BEGIN The data

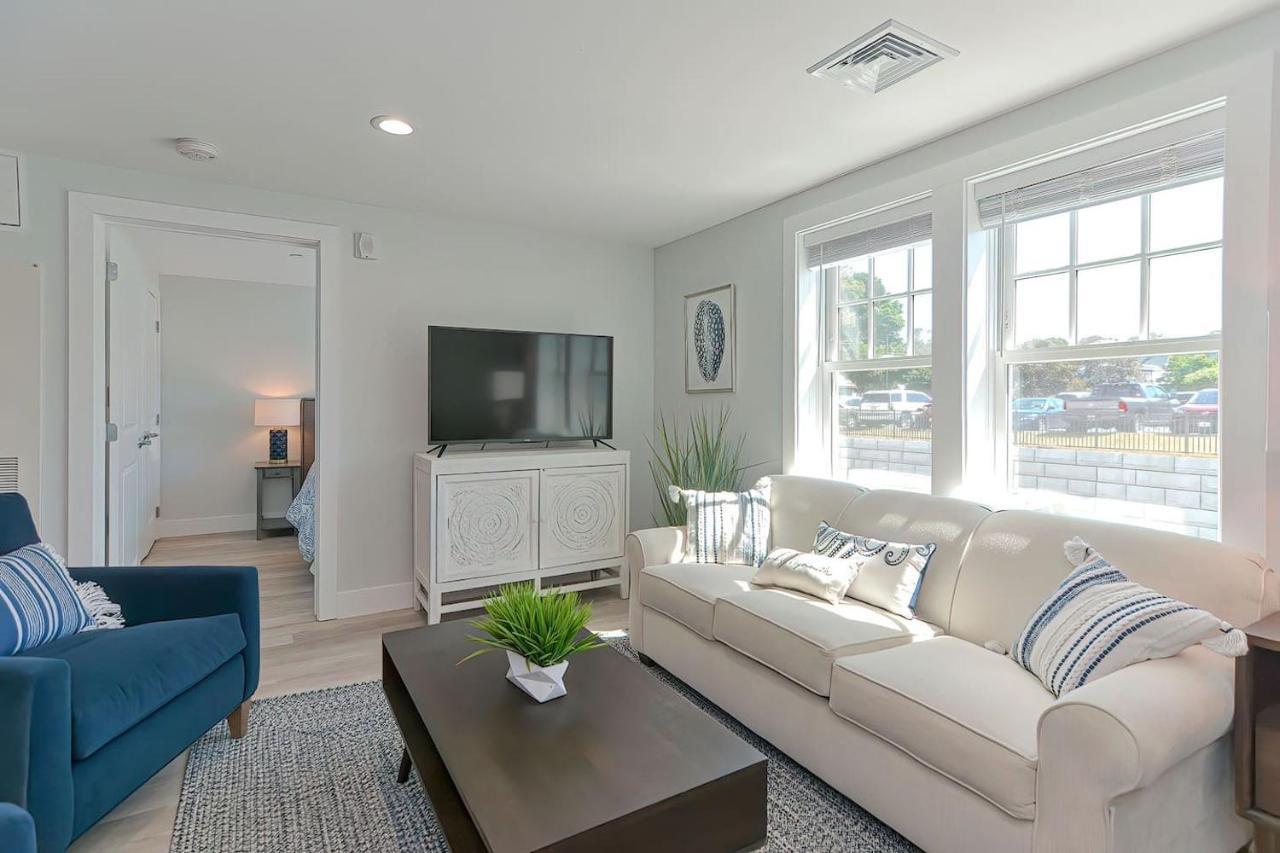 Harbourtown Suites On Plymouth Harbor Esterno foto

END The data
BEGIN The data

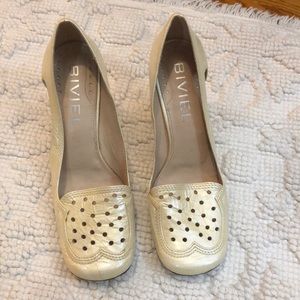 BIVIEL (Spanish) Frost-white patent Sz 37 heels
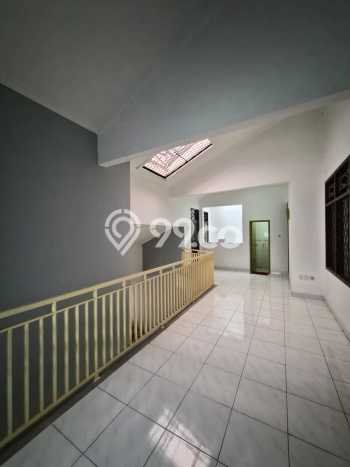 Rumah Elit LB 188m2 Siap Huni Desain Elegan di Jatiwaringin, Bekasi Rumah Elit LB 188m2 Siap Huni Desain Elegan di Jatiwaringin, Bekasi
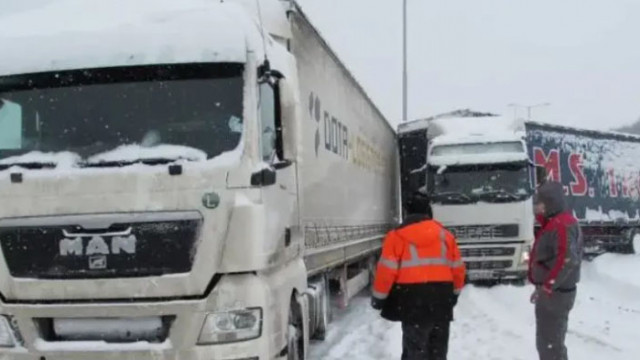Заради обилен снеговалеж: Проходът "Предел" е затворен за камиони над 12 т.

END The data
BEGIN The data

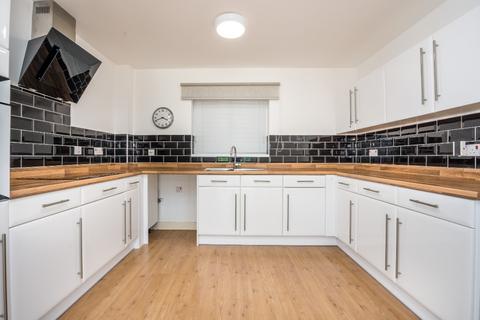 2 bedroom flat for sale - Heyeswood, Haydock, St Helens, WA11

END The data

**What to produce**
Exactly the lines above, from the one containing "Jatiwaringin, Bekasi Rumah" down to the one containing "Заради обилен снеговалеж: Проходът", are to be repeated, including both ends. Pictures are not part of the copy.

**Problem solution**
 Rumah Elit LB 188m2 Siap Huni Desain Elegan di Jatiwaringin, Bekasi Rumah Elit LB 188m2 Siap Huni Desain Elegan di Jatiwaringin, Bekasi
Заради обилен снеговалеж: Проходът "Предел" е затворен за камиони над 12 т.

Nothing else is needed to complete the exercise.